Di hari H kita bertemu, tiba-tiba saja dia pergi ada janji lain dan mengundur jam pertemuan jadi agak malam, lalu ternyata dia pun memberikan alasan lain bahwa pagi harinya dia sudah ada janji dengan orang lain. Intinya pertemuan kami gagal dan saya jadi sadar mungkin sebenarnya dari jauh hari kita sudah tidak 'klik' lagi.
Kenapa juga yah saya sebagai teman lama kurang peka dengan perubahan dan gerak gerik teman lama ini? Toh satu tahun kami nyaris bisa dihitung jari saat-saat kami chatting dan ngobrol. Pada akhirnya saya baru tersadar bahwa terkadang ada beberapa hal yang orang lain tidak bisa ungkapkan dengan verbal. Ternyata tak peduli seberapa pun kita mengenal orang tersebut, kita tidak akan pernah tahu apa yang sebenarnya dia pikirkan dan rasakan.

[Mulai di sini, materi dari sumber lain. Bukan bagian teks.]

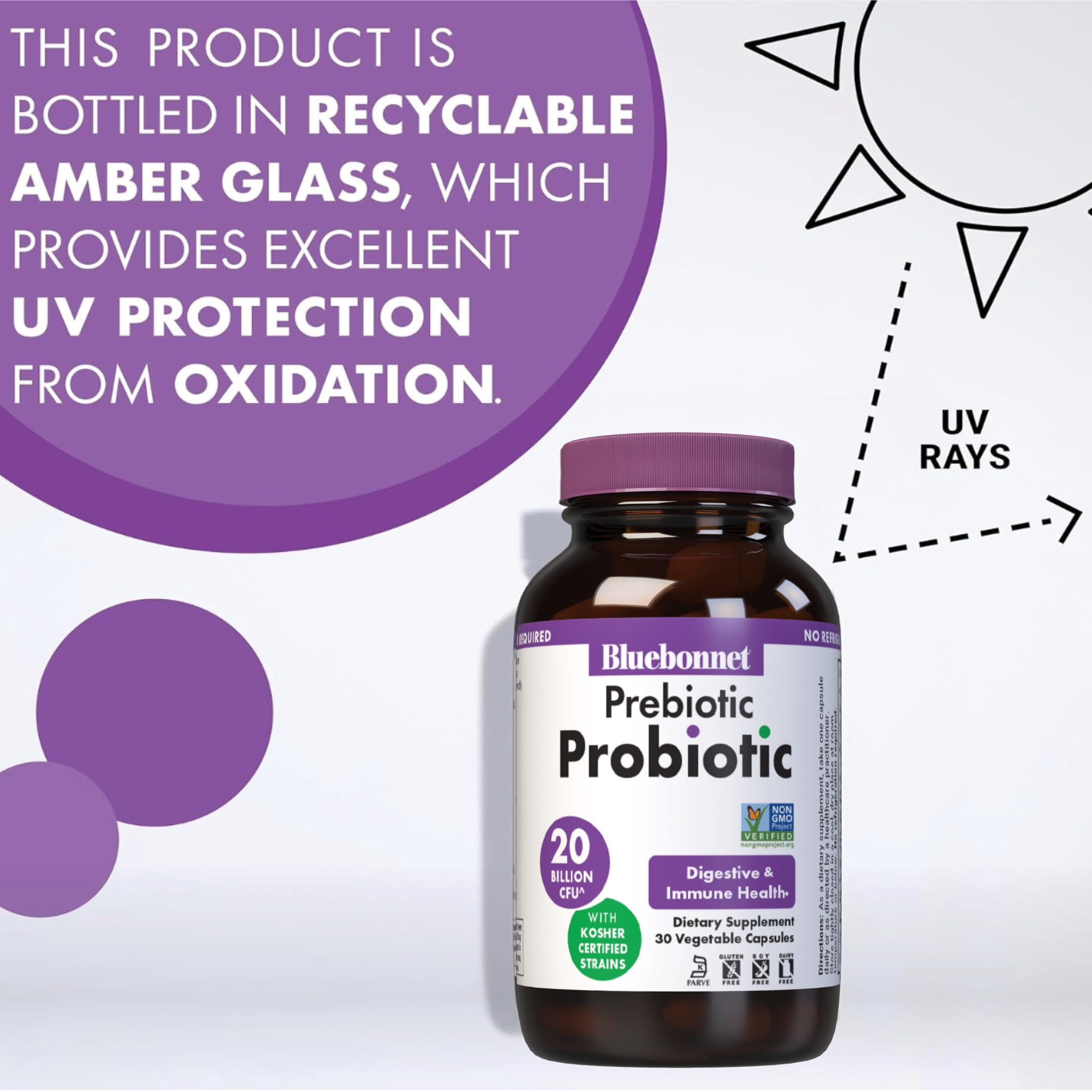 Bluebonnet Prebiotic Probiotic 20 Billion CFU^ Shelf Stable Gut Health*, Kosher 30 Days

Seperti sebuah pepatah: Dalamnya lautan bisa diukur, tapi dalamnya hati manusia siapa yang tahu. Ternyata banyak orang, termasuk saya, melakukan sikap ini, perbuatan dan kata hati yang beda jauh. Bisa jadi wajah tersenyum namun hati menaruh yang tidak-tidak.
Mari menolak
Manusia mana sih yang sanggup menerima penolakan dengan lapang dada dan langsung ikhlas? Pasti saja kita harus dihadapkan dengan perasaan sedih, tidak siap dan mungkin kalau lebay gaungnya bisa berhari-hari. Maka itu, ada beberapa orang yang tidak tega untuk menolak orang lain dan akhirnya lip service alias manis dimulut pun dilancarkan.
Kenapa juga yah kita harus tidak enakkan menolak sesuatu yang tidak kita suka atau tidak sanggup untuk kita lakukan? Untuk apa membebani hati yang sudah enggan? Hingga akhirnya kita terpaksa tidak jujur pada diri sendiri, mending kalau kita melakukannya, lha kalau malah hanya lip service, bermanis-manis di mulut namun ngomong ora tekan ati, tidak tulus. Apa berkatnya, apa untungnya?

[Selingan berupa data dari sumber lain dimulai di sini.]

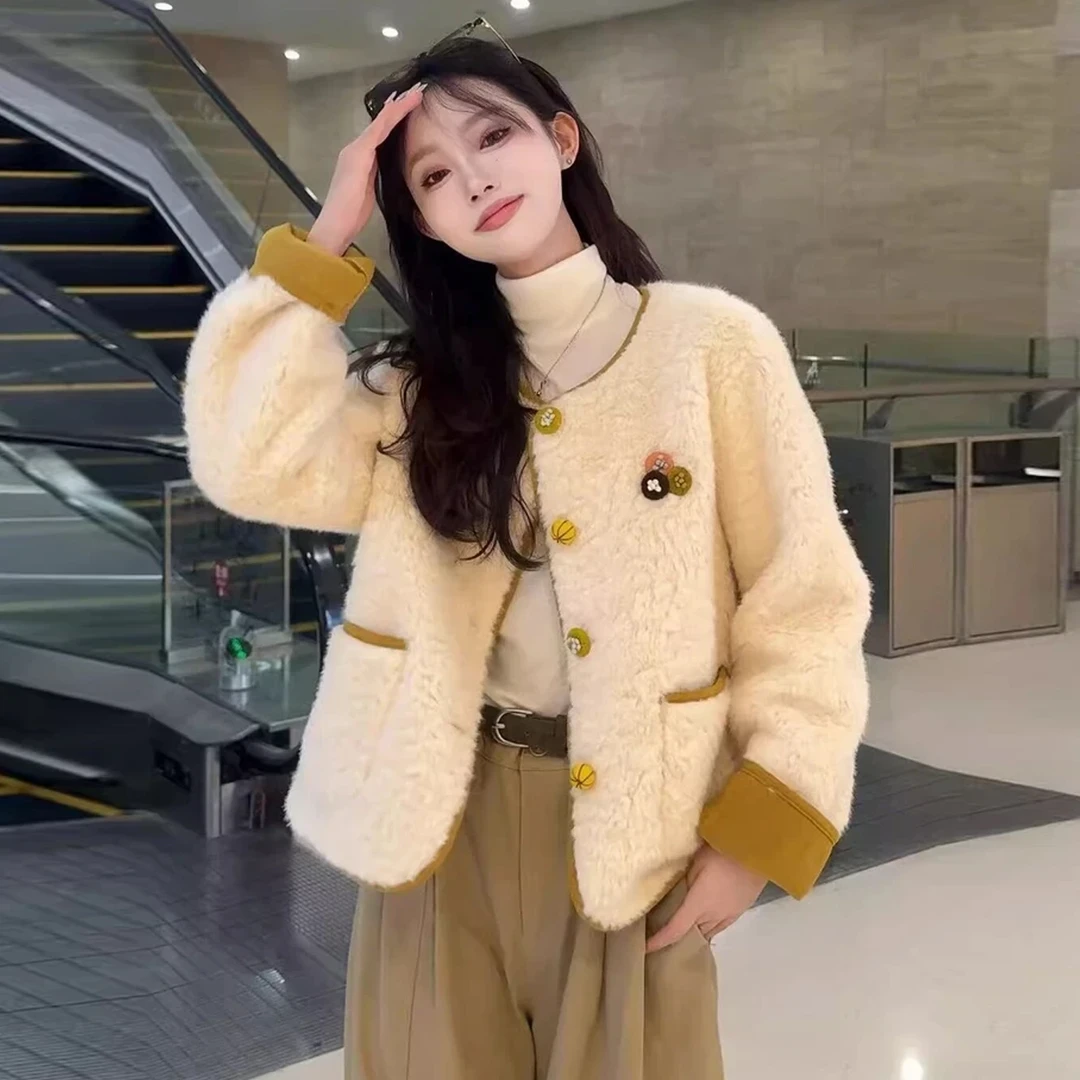 时尚加厚短款外套女2025秋冬新款洋气宽松显瘦羊羔毛皮毛一体上衣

Apa susahnya menolak sesuatu yang tidak kita sukai dan tidak sanggup untuk dikerjakan? Toh kita punya mulut untuk berbicara tentang hati dan pikiran kita, mengapa tidak digunakan sesuai fungsinya? Apabila takut dicap orang lain sebagai orang yang tidak sopan dan frontal, toh pada akhirnya orang lain akan melabeli diri kita ini dengan penilaian mereka sendiri. Hari gini masih dengerin kata orang, apa gak capek tuh?
Padahal mungkin orang yang menjadi target penolakan kita itu tidak keberatan apabila kita beri tahu dari awal akan pemikiran dan alasan kita sendiri. Sehingga dua belah pihak sama-sama enak, komunikasi lancar tanpa ada modus ini itu.

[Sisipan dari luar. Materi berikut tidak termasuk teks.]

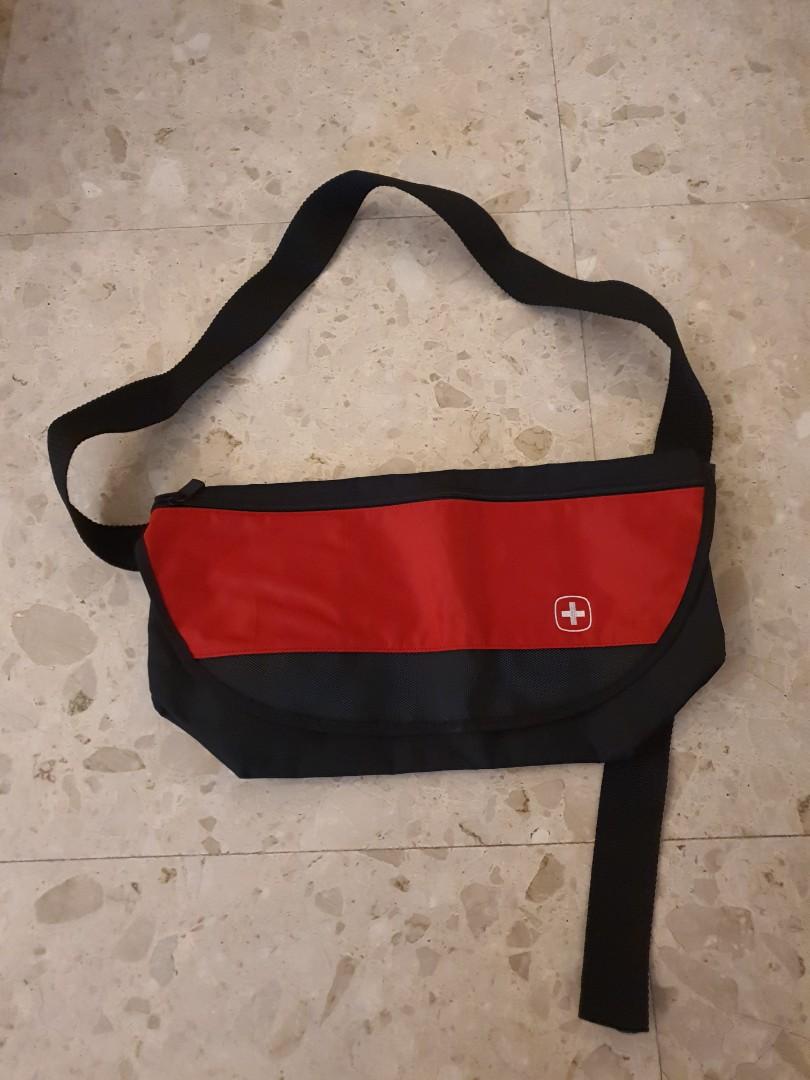 Unique Red Swiss Army causal sling bag Men s Fashion Bags Sling Bags on Carousell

Apabila kita terus menerus melakukan praktik lip service ini, tidak ada bedanya dong kita dengan koruptor penebar janji manis palsu. Mungkin kalau sinetron Hidayah masih ada, niscaya pasti kalau mati mayatnya nanti digerogoti belatung, bibirnya dower lalu arwahnya dimasukan ke neraka yang penuh kretak gigi. Amit-amit yee bo!
Maka itu pada malam harinya saya jadi mikir, jangan-jangan sebenarnya saya ini juga sering melakukan praktik lip service itu, berkoar sana sini sampai mulut berbusa, meracau tak jelas persis wong edan. Masalah klasik yah?